Ruhr University Bochum

Homepage

Talk: Linguistic analysis with LLMs? The case of discourse and pragmatics

Abstract

Many computational linguistic tasks, even hard ones, can be done well by current LLMs. When is it appropriate to use LLMs for corpus annotation, and which types of linguistic analyses require human intervention? We will address specifically the level of discourse and pragmatics. On the one hand, discourse/pragmatics analyses have an image of being "less strict" and more subjective than other linguistic questions. Thus, many LLM annotations and responses may at first glance seem to be superficially appropriate. On the other hand, discourse phenomena are typically rare even in large corpora (because they manifest over large text chunks) and pragmatic phenomena exist at the intersection of language and society (i.e., language as a communicative system, not just a grammatical system) and thus often depend crucially on human interaction, intentions, and other non-linguistic aspects which are not transparent to language models (the grounding problem).
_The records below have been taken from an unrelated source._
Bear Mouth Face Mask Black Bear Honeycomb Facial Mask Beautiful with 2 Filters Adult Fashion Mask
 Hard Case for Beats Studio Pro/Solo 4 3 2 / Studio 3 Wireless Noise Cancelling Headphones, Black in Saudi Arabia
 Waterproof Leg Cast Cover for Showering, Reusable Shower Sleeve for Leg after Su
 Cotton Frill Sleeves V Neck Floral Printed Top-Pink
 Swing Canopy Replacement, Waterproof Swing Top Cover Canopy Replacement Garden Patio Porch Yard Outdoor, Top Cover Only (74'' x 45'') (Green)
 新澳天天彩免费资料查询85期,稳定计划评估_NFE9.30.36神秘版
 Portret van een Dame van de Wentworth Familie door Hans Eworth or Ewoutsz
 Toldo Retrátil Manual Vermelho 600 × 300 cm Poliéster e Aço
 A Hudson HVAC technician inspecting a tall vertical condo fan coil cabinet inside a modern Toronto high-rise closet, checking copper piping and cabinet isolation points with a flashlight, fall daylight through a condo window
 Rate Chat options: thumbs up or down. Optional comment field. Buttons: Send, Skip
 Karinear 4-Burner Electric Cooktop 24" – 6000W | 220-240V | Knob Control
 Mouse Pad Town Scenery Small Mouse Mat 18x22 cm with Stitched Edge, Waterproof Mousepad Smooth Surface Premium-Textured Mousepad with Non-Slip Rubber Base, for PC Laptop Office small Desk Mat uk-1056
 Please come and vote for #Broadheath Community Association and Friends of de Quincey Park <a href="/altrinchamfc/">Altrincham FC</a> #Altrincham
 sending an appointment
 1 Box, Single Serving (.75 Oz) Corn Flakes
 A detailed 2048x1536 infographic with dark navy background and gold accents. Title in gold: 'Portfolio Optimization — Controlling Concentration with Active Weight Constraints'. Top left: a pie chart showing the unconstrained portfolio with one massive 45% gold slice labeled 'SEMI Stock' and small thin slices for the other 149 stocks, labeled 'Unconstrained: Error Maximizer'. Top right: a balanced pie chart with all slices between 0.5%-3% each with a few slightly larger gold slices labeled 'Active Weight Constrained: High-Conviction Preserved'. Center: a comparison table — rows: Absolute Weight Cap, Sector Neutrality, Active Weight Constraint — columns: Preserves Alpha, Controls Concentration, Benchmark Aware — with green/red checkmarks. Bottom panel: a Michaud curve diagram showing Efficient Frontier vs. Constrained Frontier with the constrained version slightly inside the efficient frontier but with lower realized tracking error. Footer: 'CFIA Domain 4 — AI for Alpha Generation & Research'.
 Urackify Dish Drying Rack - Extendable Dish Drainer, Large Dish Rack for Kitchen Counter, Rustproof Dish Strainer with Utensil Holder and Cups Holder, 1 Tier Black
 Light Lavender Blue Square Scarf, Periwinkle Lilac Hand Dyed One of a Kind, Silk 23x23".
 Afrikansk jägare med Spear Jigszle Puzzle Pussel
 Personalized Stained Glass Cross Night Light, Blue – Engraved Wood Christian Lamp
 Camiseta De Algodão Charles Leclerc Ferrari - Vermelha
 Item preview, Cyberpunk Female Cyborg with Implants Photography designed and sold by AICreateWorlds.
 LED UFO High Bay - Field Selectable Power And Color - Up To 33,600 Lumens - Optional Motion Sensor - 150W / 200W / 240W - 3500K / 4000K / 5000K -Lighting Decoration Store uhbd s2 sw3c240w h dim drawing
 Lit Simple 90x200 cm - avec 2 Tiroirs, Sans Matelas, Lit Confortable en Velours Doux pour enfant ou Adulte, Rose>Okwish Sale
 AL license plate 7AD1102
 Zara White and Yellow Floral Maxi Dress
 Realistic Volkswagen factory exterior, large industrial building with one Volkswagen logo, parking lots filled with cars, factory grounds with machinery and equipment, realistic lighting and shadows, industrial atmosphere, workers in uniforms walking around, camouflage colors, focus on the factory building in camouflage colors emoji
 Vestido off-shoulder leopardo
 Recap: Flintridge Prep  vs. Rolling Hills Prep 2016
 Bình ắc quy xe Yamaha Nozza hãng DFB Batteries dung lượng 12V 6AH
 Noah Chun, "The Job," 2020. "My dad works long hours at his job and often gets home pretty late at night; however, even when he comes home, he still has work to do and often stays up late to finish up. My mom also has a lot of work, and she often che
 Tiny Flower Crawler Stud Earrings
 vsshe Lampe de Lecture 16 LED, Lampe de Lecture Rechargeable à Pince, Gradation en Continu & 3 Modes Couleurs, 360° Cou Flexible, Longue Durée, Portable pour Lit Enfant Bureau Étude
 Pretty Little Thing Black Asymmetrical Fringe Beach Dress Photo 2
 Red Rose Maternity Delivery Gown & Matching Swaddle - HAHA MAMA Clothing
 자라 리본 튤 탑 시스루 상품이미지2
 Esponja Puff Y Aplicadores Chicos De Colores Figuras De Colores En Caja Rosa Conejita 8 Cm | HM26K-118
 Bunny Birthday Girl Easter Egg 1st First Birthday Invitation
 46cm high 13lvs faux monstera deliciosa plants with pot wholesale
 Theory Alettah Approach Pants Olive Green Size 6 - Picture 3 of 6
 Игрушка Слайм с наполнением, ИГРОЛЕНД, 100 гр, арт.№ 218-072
Due to these factors, LLM responses are still frequently un-human-like in the discourse/pragmatics domain. Using examples from recent research into the detection and interpretation of figurative language, the semantics and pragmatics of emojis, and detecting hate and candy speech, we will discuss discourse and pragmatic abilities of LLMs and under which circumstances LLMs can be used to aid linguistic analyses.

Bio

Tatjana Scheffler is professor for digital forensic linguistics at Ruhr University Bochum. After completing her PhD in formal semantics and pragmatics at the University of Pennsylvania, USA, she became a researcher in multimodal human computer interfaces at the German Research Center for Artificial Intelligence, before returning to academia at the universities of Potsdam and Konstanz, Germany. She joined Ruhr University Bochum in 2020. Her research encompasses corpus and computational linguistic approaches, applied primarily to phenomena in pragmatics and discourse in social media data. She works on topics such as metaphors, disinformation, and the semantics of emojis.